Your task: In the entries below, find the line with "Gebraucht BMW 325" and the line with "Used Tesla Model"; give again those lines and every line between them, exactly.

(Short descriptive text snippets)
- - -

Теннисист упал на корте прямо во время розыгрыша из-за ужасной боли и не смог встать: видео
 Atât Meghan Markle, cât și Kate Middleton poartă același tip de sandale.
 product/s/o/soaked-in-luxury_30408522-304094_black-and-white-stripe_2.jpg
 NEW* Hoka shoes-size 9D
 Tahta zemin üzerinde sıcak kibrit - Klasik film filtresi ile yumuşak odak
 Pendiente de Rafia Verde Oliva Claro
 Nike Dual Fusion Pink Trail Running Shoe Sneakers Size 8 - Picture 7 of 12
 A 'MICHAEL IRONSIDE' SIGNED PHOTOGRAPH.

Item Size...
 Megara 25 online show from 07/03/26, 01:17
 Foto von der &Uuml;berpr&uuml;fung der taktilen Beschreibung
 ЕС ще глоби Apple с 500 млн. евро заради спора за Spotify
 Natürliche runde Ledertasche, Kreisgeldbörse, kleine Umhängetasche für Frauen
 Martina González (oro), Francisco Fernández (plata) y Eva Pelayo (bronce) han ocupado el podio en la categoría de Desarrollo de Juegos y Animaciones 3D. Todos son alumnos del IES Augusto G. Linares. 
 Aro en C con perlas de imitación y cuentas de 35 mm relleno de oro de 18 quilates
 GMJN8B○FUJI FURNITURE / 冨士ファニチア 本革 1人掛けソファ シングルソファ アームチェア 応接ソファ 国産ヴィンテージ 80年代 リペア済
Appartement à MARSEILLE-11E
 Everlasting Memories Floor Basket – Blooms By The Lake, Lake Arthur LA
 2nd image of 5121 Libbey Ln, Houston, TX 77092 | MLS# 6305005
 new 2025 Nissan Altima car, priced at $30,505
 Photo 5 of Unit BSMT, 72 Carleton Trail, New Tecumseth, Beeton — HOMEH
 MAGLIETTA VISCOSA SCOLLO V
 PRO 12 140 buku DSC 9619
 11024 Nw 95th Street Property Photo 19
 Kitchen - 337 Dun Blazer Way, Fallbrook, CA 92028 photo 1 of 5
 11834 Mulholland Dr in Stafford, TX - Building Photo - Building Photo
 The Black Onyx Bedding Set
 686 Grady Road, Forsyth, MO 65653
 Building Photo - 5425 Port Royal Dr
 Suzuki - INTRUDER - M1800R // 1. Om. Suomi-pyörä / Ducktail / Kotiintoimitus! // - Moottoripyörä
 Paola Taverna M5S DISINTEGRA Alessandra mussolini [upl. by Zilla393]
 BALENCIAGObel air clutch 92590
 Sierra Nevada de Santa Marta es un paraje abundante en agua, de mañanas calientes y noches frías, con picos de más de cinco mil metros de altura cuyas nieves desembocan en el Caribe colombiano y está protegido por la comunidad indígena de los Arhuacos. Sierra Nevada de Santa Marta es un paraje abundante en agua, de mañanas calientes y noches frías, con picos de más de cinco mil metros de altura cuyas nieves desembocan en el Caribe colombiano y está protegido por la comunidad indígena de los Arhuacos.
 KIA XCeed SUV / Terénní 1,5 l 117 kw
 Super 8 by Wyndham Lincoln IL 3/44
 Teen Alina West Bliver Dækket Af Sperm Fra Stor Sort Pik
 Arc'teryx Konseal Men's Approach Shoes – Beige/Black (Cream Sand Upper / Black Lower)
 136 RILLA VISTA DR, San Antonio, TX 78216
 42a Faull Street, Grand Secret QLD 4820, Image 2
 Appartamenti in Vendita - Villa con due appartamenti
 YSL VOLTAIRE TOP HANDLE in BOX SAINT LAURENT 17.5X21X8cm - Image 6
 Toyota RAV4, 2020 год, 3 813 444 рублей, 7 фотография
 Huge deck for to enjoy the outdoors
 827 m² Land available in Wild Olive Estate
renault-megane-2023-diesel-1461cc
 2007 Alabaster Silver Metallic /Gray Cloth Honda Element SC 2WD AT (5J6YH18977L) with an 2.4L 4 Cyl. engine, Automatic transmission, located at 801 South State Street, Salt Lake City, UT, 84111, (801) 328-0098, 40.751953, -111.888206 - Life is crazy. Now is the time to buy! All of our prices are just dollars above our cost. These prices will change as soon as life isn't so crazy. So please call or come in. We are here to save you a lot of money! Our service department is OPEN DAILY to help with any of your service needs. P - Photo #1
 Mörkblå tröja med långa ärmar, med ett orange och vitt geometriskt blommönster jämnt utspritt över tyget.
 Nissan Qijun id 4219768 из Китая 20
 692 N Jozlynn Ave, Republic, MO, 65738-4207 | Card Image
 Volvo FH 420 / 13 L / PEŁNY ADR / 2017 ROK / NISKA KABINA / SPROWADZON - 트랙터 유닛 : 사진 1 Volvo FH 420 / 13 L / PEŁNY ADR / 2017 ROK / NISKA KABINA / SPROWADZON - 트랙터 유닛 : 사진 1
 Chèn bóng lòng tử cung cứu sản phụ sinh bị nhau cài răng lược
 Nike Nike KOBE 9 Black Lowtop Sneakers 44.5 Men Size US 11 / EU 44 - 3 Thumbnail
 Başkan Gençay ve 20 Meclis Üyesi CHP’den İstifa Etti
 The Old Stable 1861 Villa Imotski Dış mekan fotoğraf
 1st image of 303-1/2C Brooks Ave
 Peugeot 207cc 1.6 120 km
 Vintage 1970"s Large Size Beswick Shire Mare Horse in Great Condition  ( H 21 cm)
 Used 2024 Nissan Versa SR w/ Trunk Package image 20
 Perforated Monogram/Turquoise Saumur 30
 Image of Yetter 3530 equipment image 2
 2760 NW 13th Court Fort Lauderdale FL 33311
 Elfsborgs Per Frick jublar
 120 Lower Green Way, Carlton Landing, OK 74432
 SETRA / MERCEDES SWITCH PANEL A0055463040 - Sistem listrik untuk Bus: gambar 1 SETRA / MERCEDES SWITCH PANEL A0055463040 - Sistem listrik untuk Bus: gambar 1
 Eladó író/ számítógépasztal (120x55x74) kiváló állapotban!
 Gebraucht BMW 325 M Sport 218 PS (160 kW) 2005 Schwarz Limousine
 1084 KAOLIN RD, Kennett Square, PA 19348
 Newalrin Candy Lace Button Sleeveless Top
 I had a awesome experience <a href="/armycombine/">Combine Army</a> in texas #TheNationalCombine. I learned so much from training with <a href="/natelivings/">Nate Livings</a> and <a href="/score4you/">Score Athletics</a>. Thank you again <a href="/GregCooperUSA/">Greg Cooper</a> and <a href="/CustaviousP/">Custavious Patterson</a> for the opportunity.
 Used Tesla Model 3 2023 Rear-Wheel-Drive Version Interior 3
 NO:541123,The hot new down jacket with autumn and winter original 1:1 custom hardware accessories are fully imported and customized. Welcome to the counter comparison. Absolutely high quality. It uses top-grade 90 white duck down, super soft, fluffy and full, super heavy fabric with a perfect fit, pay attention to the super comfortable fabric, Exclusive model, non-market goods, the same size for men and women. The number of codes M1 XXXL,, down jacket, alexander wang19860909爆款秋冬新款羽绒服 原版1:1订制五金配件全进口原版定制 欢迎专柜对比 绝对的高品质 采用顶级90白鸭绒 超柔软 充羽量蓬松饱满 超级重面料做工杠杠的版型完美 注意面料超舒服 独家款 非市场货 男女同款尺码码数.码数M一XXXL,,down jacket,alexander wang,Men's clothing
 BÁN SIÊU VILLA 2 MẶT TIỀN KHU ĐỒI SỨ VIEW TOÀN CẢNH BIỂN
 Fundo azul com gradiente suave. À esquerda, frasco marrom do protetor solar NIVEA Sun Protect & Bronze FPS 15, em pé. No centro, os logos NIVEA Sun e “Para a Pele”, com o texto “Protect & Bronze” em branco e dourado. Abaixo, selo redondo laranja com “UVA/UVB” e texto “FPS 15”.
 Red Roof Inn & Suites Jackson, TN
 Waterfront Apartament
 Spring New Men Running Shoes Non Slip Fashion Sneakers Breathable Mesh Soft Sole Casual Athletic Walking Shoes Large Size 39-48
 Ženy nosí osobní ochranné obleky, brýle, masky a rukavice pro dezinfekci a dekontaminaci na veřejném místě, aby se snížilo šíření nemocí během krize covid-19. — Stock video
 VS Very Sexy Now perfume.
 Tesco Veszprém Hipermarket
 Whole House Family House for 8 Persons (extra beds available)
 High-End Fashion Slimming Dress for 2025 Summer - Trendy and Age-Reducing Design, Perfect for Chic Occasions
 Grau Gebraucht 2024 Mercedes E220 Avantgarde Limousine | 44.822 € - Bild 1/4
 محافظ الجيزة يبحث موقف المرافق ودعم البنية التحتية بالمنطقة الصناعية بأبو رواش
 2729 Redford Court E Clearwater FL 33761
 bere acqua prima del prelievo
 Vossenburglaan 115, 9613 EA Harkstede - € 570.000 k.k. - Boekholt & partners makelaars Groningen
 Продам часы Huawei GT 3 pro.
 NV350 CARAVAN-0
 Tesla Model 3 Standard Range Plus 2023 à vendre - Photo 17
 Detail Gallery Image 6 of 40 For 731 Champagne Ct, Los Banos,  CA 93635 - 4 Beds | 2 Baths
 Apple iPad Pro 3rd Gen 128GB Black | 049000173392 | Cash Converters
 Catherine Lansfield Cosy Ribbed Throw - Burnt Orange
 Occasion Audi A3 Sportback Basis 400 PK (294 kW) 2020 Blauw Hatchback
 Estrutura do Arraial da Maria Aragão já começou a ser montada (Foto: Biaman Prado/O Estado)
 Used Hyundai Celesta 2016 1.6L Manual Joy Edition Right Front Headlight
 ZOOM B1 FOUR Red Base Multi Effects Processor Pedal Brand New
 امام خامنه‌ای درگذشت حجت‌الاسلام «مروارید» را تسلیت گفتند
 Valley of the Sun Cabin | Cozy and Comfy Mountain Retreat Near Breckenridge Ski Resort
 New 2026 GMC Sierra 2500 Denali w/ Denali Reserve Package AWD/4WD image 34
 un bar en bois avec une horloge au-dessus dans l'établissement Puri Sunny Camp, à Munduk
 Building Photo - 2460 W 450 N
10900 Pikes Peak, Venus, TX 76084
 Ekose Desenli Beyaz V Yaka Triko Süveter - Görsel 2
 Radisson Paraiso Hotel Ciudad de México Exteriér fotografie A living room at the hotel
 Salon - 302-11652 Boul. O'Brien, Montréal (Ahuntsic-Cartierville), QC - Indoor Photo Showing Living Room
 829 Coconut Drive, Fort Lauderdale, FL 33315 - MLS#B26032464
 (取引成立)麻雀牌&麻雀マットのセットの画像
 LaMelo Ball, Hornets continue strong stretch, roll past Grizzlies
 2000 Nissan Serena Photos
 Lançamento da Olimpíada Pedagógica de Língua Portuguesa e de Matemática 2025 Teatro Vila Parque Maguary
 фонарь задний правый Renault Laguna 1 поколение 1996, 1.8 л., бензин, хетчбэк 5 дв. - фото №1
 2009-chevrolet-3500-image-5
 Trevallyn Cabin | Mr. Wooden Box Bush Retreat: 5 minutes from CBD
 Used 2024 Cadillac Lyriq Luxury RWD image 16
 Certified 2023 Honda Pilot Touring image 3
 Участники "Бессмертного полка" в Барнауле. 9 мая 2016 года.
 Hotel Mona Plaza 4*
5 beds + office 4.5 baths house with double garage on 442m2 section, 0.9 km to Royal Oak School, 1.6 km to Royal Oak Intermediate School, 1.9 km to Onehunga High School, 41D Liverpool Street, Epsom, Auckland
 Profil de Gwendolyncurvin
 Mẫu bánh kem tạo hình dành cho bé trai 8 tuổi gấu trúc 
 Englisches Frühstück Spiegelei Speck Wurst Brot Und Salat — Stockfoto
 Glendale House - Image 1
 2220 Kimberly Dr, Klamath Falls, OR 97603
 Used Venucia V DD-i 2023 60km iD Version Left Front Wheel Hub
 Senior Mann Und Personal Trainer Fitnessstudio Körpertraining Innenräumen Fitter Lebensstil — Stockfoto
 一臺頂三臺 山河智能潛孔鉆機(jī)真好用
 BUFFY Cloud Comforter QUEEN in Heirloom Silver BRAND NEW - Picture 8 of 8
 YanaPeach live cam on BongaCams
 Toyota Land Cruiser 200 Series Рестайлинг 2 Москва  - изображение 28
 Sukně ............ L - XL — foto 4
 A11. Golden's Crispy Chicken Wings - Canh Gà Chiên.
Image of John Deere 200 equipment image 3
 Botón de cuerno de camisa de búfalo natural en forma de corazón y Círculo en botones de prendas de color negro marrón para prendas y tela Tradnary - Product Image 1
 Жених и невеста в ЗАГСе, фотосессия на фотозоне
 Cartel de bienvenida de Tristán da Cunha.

- - -

Response to this task:
 Gebraucht BMW 325 M Sport 218 PS (160 kW) 2005 Schwarz Limousine
 1084 KAOLIN RD, Kennett Square, PA 19348
 Newalrin Candy Lace Button Sleeveless Top
 I had a awesome experience <a href="/armycombine/">Combine Army</a> in texas #TheNationalCombine. I learned so much from training with <a href="/natelivings/">Nate Livings</a> and <a href="/score4you/">Score Athletics</a>. Thank you again <a href="/GregCooperUSA/">Greg Cooper</a> and <a href="/CustaviousP/">Custavious Patterson</a> for the opportunity.
 Used Tesla Model 3 2023 Rear-Wheel-Drive Version Interior 3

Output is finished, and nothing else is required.